> **What is being asked**
From the line that contains "传球生着力73.3%体育集锦" through the line that contains "河南内黄圆头白菜大量上市，散装，筐装，代收，代收，", output every line of the listing below exactly and leave out all the rest.

> **Input data**
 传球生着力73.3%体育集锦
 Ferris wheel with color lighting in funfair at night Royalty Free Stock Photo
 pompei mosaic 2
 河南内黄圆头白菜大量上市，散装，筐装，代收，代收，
...
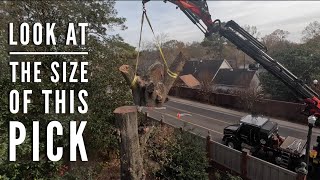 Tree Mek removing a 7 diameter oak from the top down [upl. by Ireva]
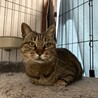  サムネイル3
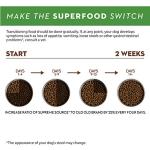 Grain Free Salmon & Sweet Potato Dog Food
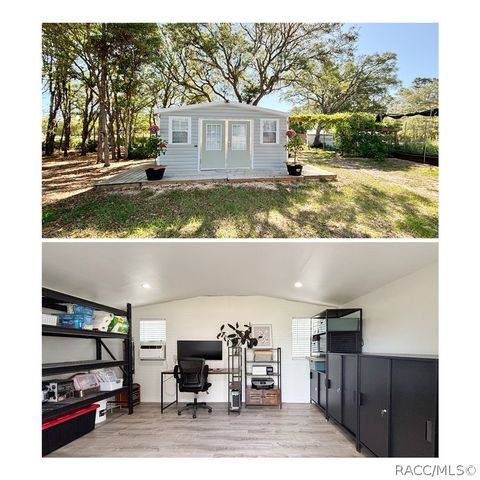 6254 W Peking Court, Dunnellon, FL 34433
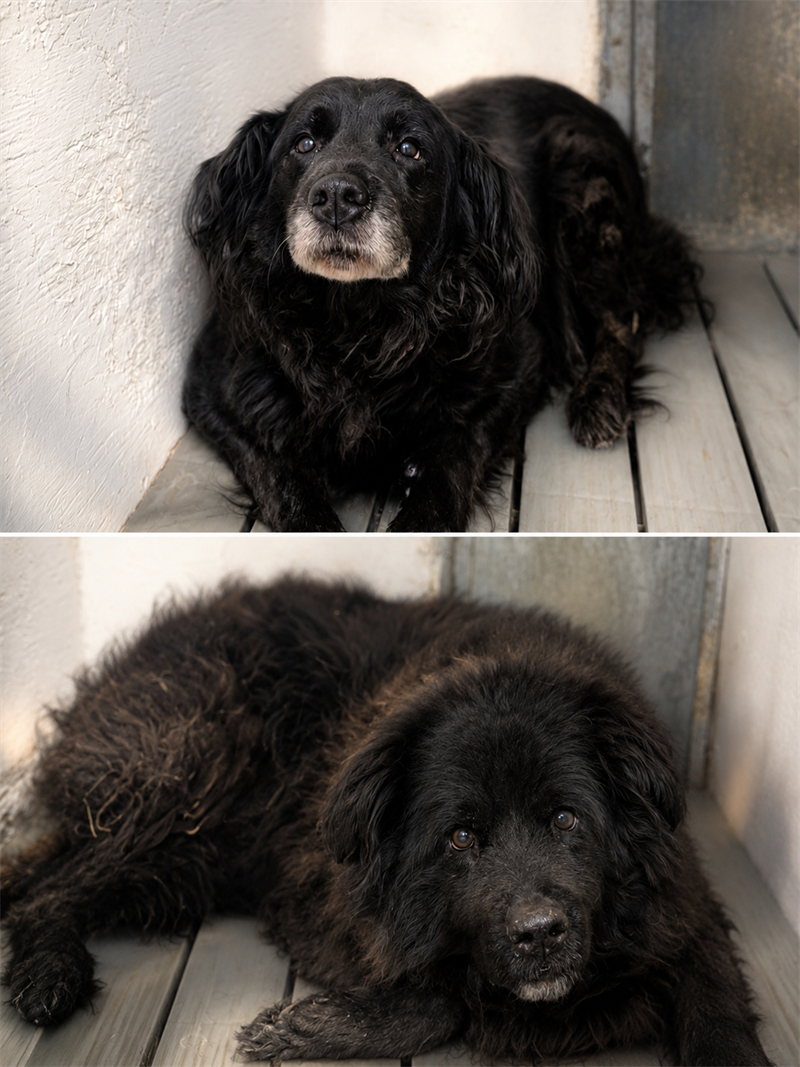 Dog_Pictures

> **Task solution**
 传球生着力73.3%体育集锦
 Ferris wheel with color lighting in funfair at night Royalty Free Stock Photo
 pompei mosaic 2
 河南内黄圆头白菜大量上市，散装，筐装，代收，代收，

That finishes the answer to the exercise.